Он не попрекнул. Он будто ее не помнил.

— А сотник Томлин наш! Где у нас сотник! — вдруг спохватились все.

— Да ведь он подле сарая, у стены, спать ложился! — вспомнил урядник Тетерев.

Кто-то из казаков пошел туда и пошарил вдоль стены.

— Что? — раздался оттуда недовольный голос сотника Томлина.

— Так что, вашбродь, потерялись! — радостно сказал казак.

— Вы спите, Григорий Севостьянович? — спросил штабс-ротмистр Вахненко.

— Рад бы. Да с вами как раз поспишь. Хорошо хоть насмерть не затоптали — бегаете! — с обидой то ли подлинной, то ли нарочной отозвался сотник Томлин.

— Ну, вы скажете! Будто мы по своей воле! Ведь нападение! — обиделся штабс-ротмистр Вахненко.

— Нападение — так вам что? — в недовольстве спросил сотник Томлин. — Они (то есть, надо полагать, постовые казаки) без вас куда с добром справились бы. Этот князь подкопенный, который вас обругал, а вы его упустили, сейчас вот тут бы связанный сидел и свою аллу-маллу читал!

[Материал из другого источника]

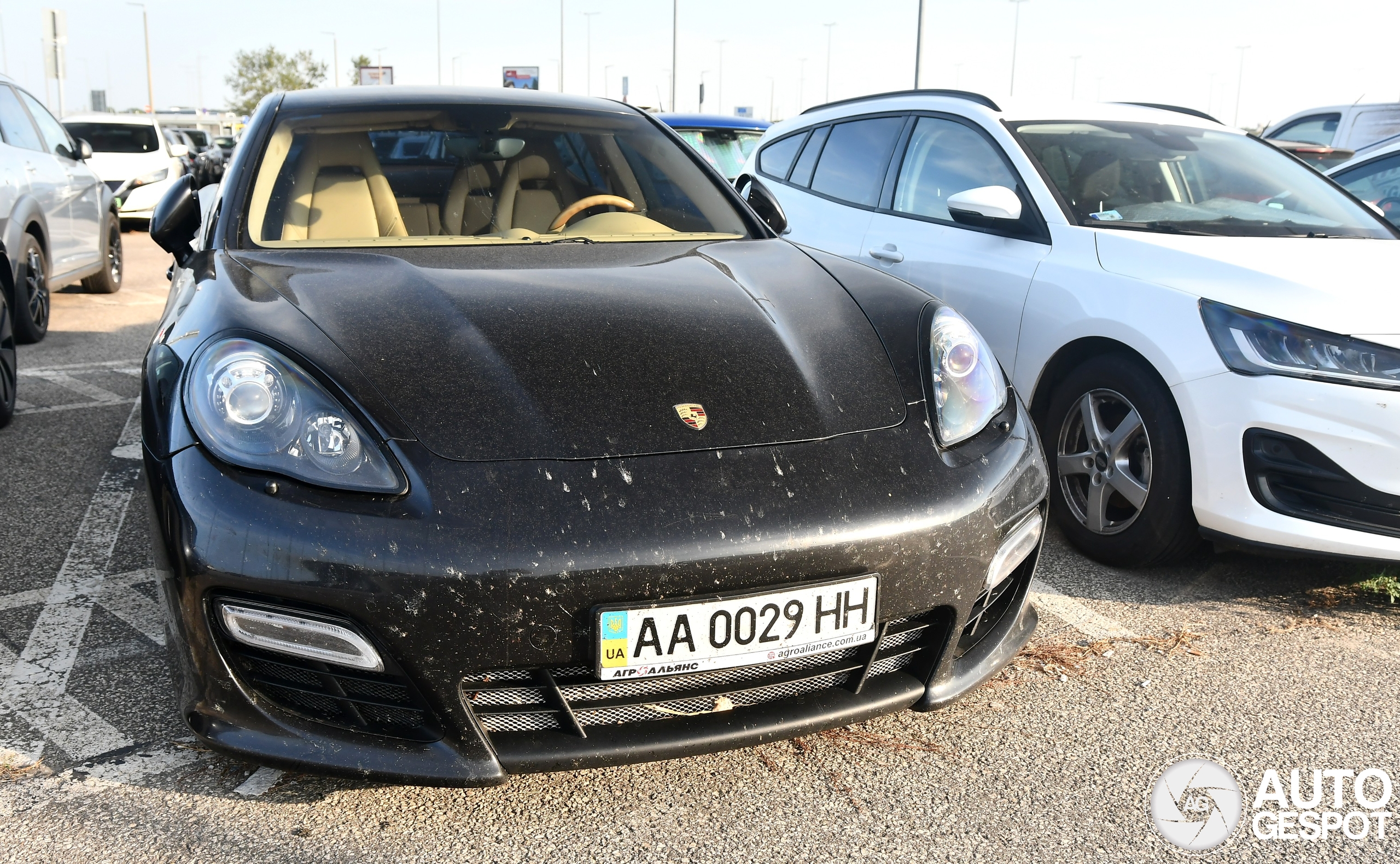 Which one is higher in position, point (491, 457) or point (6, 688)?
point (491, 457)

— Да нешто, Григорий Севостьянович! Господа офицеры сильно помогли! Теперь долго не сунутся! — вступился за нас урядник Тетерев, однако тон его выдал. По тону выходило, что сотник Томлин был прав.

Когда рассвело, мы сходили осмотреть дорогу. Ничего, кроме нескольких гильз от немецкого пистолета “Маузер”, мы не нашли. Хорунжий Василий был прав — четник ушел невредимым.

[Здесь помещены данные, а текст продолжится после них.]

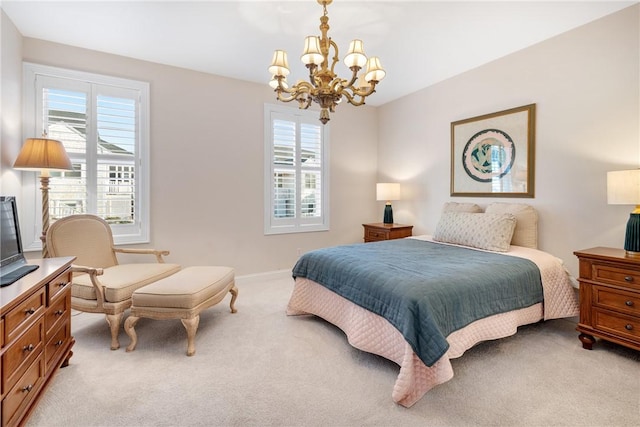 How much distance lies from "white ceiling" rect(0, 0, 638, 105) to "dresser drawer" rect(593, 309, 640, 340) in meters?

В дороге сотник Томлин подъехал ко мне и протянул кобуру с револьвером. Я отказался. Он молча втиснул ее мне за портупейный ремень.

— Спасибо! — сказал я.

— Это не мой! — сказал он и тронул поводом в сторону.

Мне оставалось догадаться, что кобура и револьвер принадлежали Саше. Я в судороге сглотнул — столько мне захотелось вернуть время назад. Версту спустя мы вновь съехались. Я увидел — что-то он хочет сказать. Чтобы разговорить его, я спросил сам.

— Как же он не боялся, что его свои подстрелят? — спросил я про четника.

Сотник Томлин продолжал молчать. Потом будто с неохотой ответил:

— Они специально верхом стреляли.

— То есть вы предполагаете, что в этакой тьме они вполне могут вести прицельный огонь? — удивился я.

— Они все могут, — опять будто нехотя сказал сотник Томлин. — А ты, Борис Алексеевич, кучей не бегай, не суетись. Ничего не будет хуже того, если они (надо полагать, четники и местное население) тебя на смех поднимут. Научись делать все в одиночку, сам. Это они уважают. Если не убьют, все у тебя будет порядком. Но только — не кучей. И не лезь в их дела. Жди, когда придут сами, — и скосил глаза на кобуру, уже прицепленную к поясу.

— А вы с Сашей тоже порознь делали? — спросил я.

— Найди себе такого! — сказал он.

И потом он ехал рядом, а мне казалось, что он где-то далеко в стороне.